Aim of the task -> Every line from the one with "HP 1200W ETH" through the end of the entries below should be written out exactly; the pictures should not.

:: Excerpted data

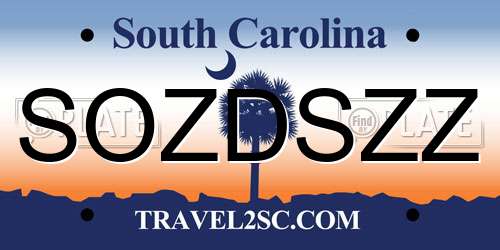 SOZDSZZ South Carolina License Plate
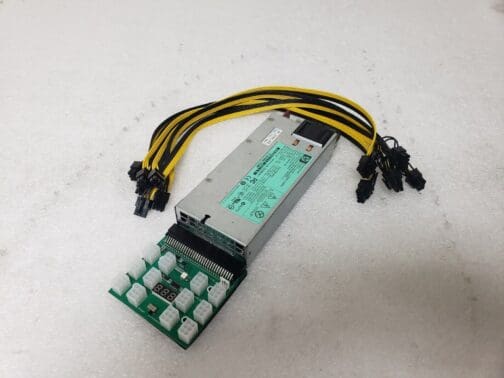 HP 1200W ETH ASICS Bitcoin Crypto Mining Power Supply w/ Breakout Board / Cables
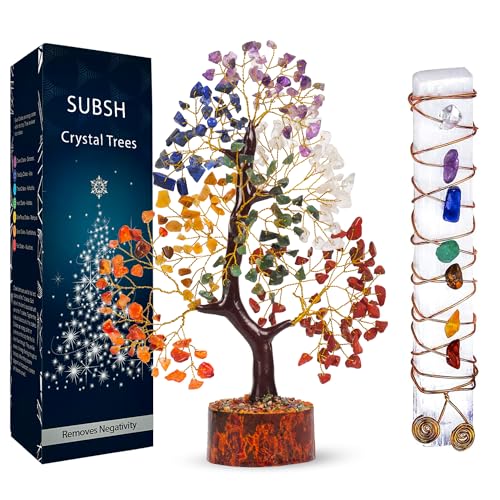 Crystal Tree of Life with Selenite Chakra Wand Stick, 7 Chakra Healing Crystal Trees, Office Desk Decor, Room Decor, Bonsai Trees for Positive Energy, Money, Good Luck Birthday Gifts for Women 10-12"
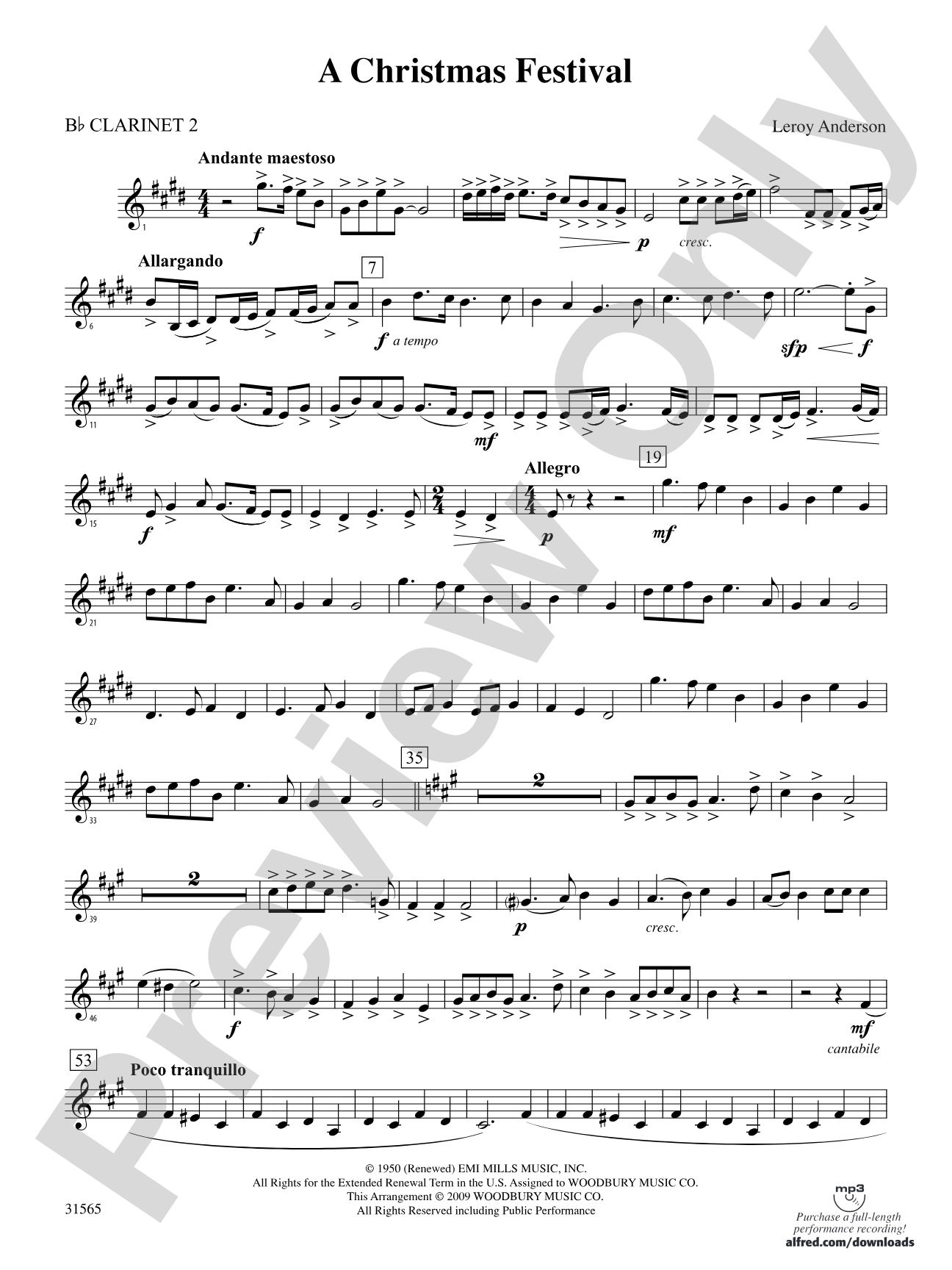 A Christmas Festival: 2nd B-flat Clarinet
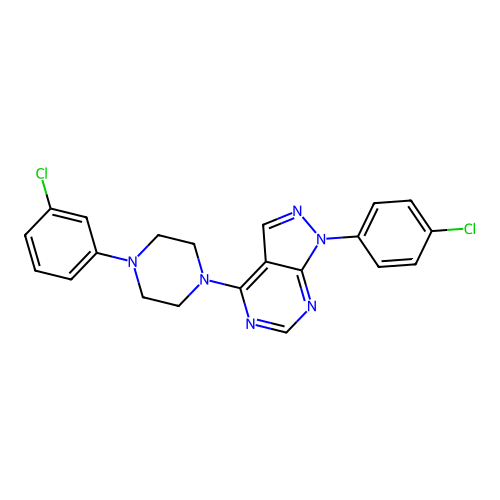 1-(4-chlorophenyl)-4-(4-(3-chlorophenyl)piperazin-1-yl)-1H-pyrazolo[3,4-d]pyrimidine structure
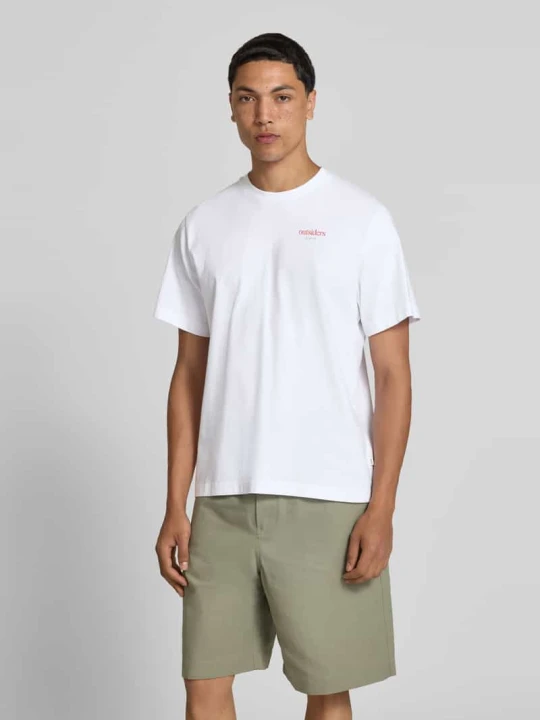 Zdjęcie produktu t-shirt o kroju regular fit z nadrukiem z napisem Forét Biały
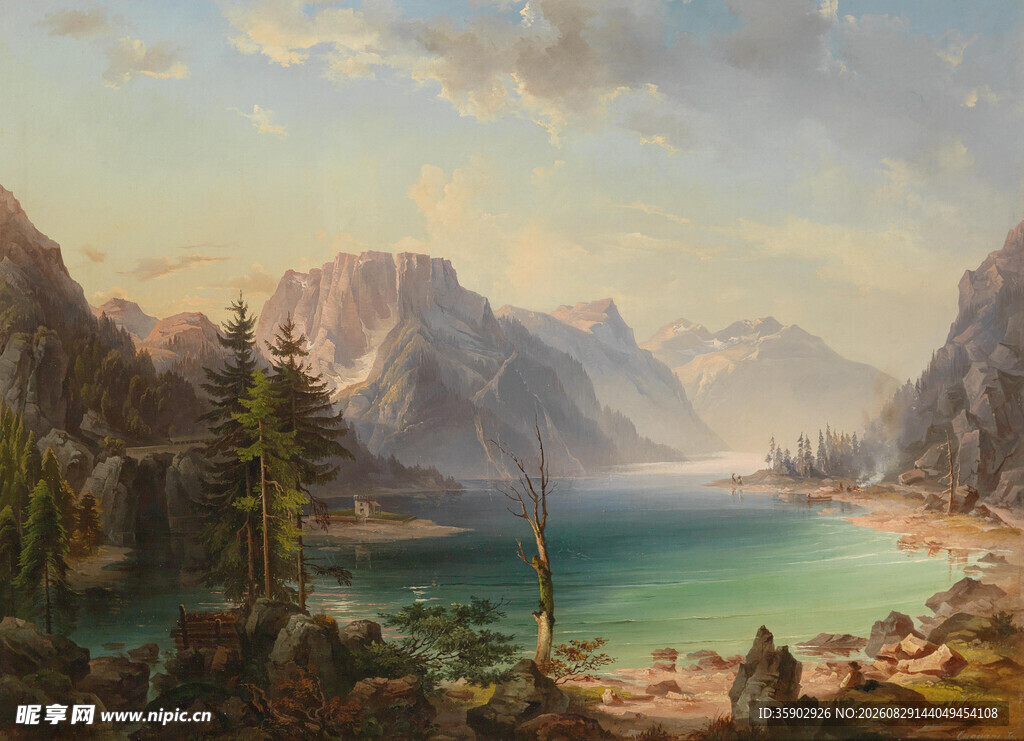 壮丽山水风景油画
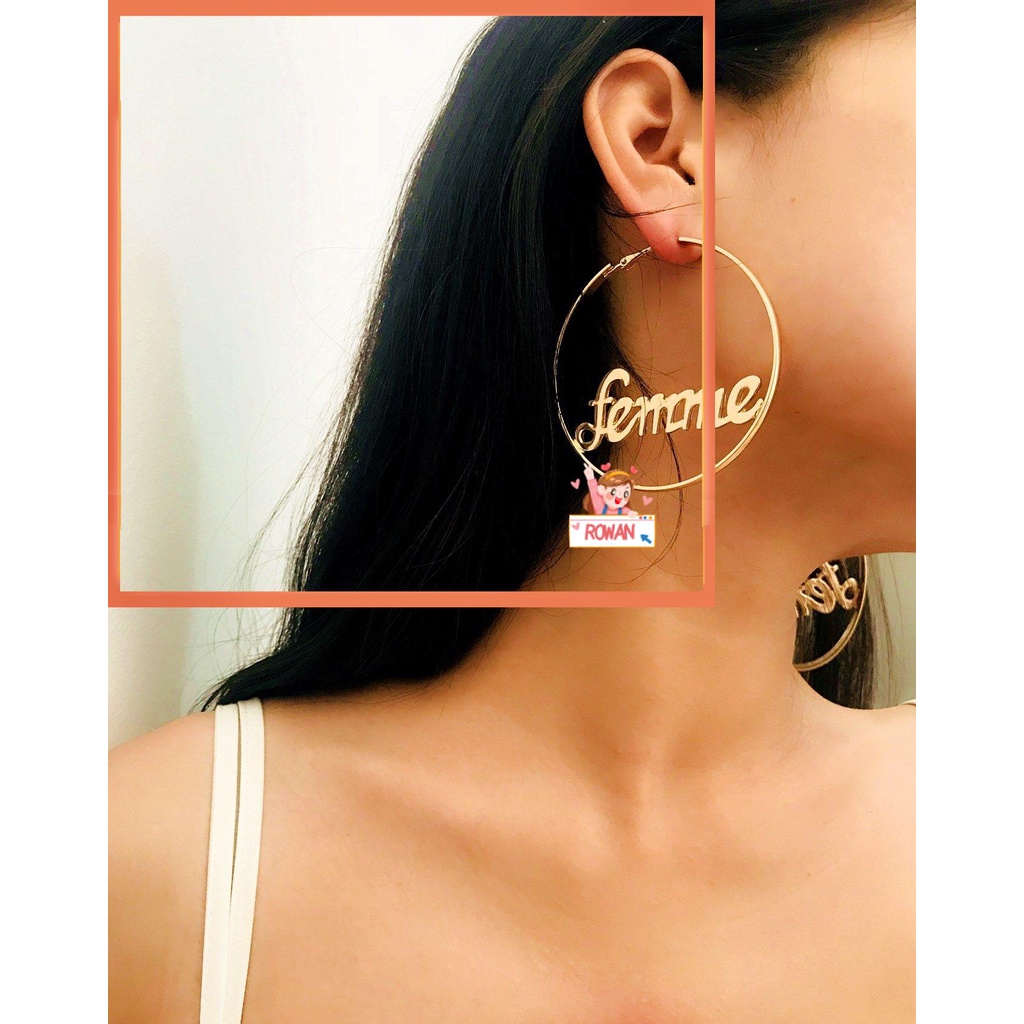 ROW Punk Round Hoop Earrings Gift Hyperbole Femme Baby Letter Gold Hip-hop Jewelry Party Fashion Women Dangle Large Circle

::::

Answer space ->
 HP 1200W ETH ASICS Bitcoin Crypto Mining Power Supply w/ Breakout Board / Cables
 Crystal Tree of Life with Selenite Chakra Wand Stick, 7 Chakra Healing Crystal Trees, Office Desk Decor, Room Decor, Bonsai Trees for Positive Energy, Money, Good Luck Birthday Gifts for Women 10-12"
 A Christmas Festival: 2nd B-flat Clarinet
 1-(4-chlorophenyl)-4-(4-(3-chlorophenyl)piperazin-1-yl)-1H-pyrazolo[3,4-d]pyrimidine structure
 Zdjęcie produktu t-shirt o kroju regular fit z nadrukiem z napisem Forét Biały
 壮丽山水风景油画
 ROW Punk Round Hoop Earrings Gift Hyperbole Femme Baby Letter Gold Hip-hop Jewelry Party Fashion Women Dangle Large Circle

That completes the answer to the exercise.